Un ecosistema de innovación exitoso, aseguró, entre otros elementos debe contar con la realización de investigación básica en las universidades, fondos de inversión, fondos para prototipos, inversionistas ángeles y de capital de riesgo, crowdsourcing o colaboración colectiva, aceleradoras de negocios, filántropos de riesgo y además apoyos legales para que las y los interesados en invertir puedan deducir impuestos y beneficiarse con algún desarrollo tecnológico o proyecto al que hayan apoyado.

La idea, propuso Ramón Sánchez, no sólo es realizar investigación básica, sino que ésta ayude a resolver los problemas que enfrentan la sociedad y las y los empresarios. De nada sirve, cuestionó, hacer investigaciones sólo para publicar en revistas arbitradas y entrar al Sistema Nacional de Investigadores; “si se tiene un EI funcional, los investigadores empiezan a ver cuáles son los problemas de la sociedad, ya sea a corto, mediano o largo plazo, y con base en ello deciden cuáles son sus prioridades de investigación, no sólo para ganar dinero, que sí lo ganan, sino para que su labor sea significativos para la sociedad”.

Sin un buen ecosistema de innovación, dijo, el 95% de los emprendedores muere.

De acuerdo con su diagnóstico, para desarrollar en estos momentos un ecosistema de innovación exitoso se necesitan elementos que no requieren grandes capitales, como serían la elaboración de leyes para apoyar la innovación que beneficien a los y las inversionistas; que haya festivales en invierno para que vengan personas de otros países a invertir y tener un diagnóstico de las necesidades de las empresas locales para que investigadores o alumnos de posgrado de la Universidad puedan buscar soluciones.

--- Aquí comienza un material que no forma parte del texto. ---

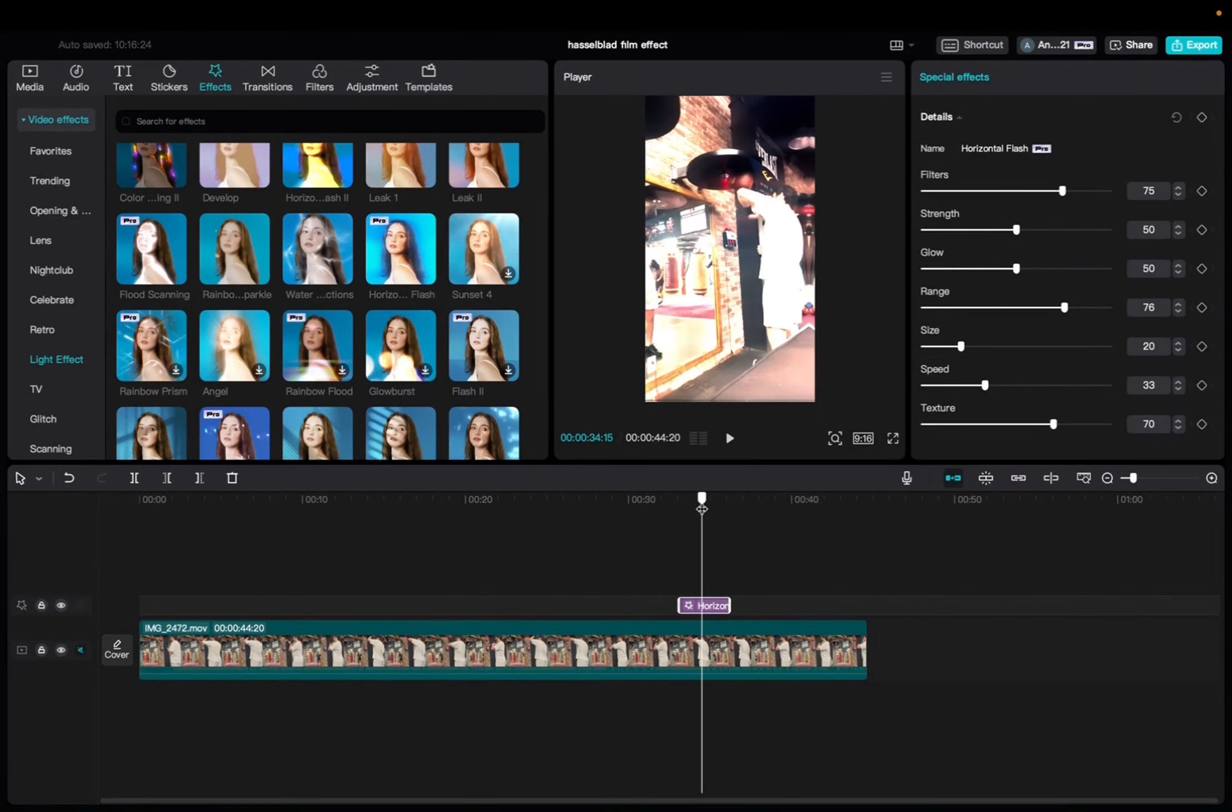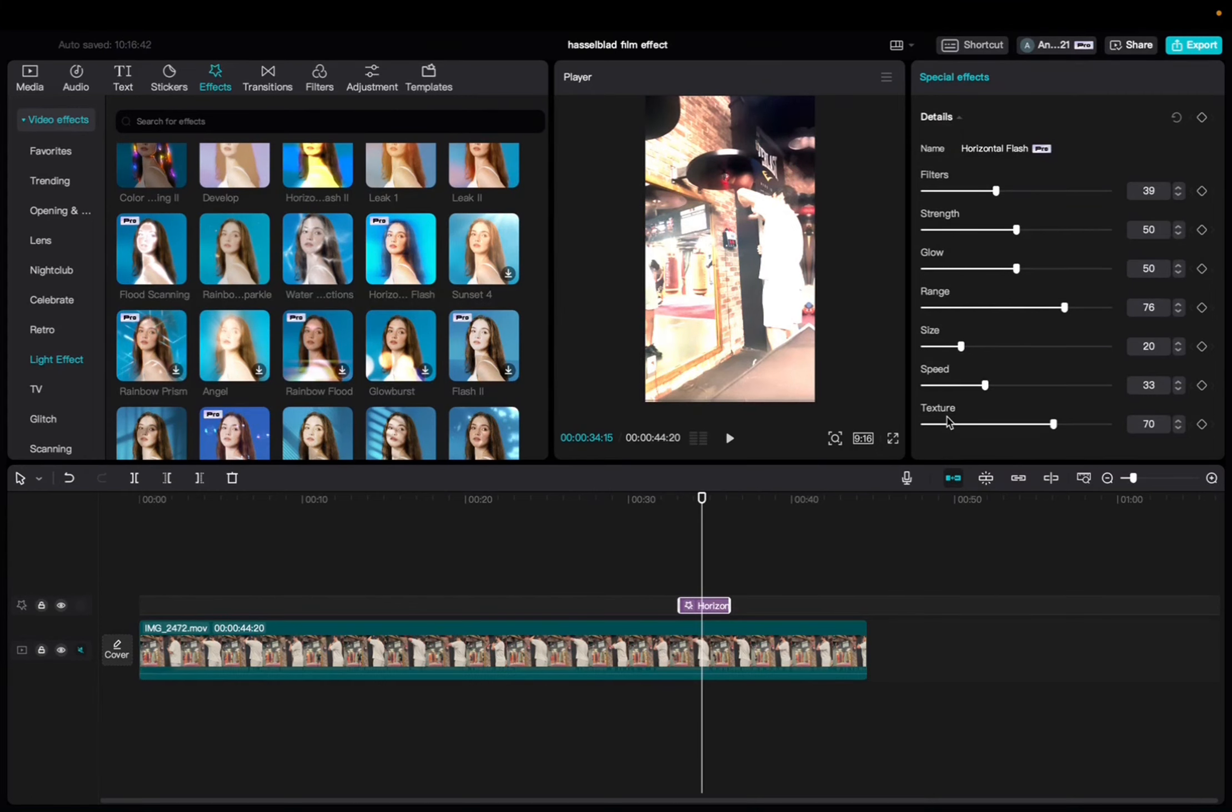With the effect being selected, we're going to go up to the special effects tab and we can mess with the filter of the effect, the strength, glow, range, size, speed and texture.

La ventaja del estado es que ya comienza a haber una masa crítica, con abogados, ingenieros, médicos, investigadores, artistas y personas con muy diversas profesiones, algo que lleva más de 25 años desarrollar. Lo que faltaría, agregó, es promover en la UdeC y en otras instituciones educativas lo que llamó la tercera vía; la primera es cuando un joven egresa y busca empleo en cualquier empresa o dependencia, la segunda cuando el egresado busca obtener una maestría o doctorado para trabajar en la Universidad y la Tercera Vía es que conozca bien la ruta crítica para ser emprendedor; esto es, que sepa cómo y con quién acudir para financiar su proyecto, ya sea en el país o el extranjero.

Insistió mucho en la vinculación universidad-sector productivo, que es esencial para un EI funcional. Esto es, conocer los problemas de la comunidad, “la vinculación promueve soluciones reales, genera conocimiento original, efectivo para la sociedad, y sirve para resolver problemas actuales y crear nuevos negocios tecnológicos o sociales que se puedan desarrollar”.

“Necesitamos -dijo por último- crear condiciones para apoyar a que los individuos puedan crear empresas aunque no tengan historial crediticio, dinero propio, experiencia ni conexiones políticas. Se requiere, especialmente, que toda la comunidad participe”, no sólo las universidades y el sector privado, sino también el gubernamental.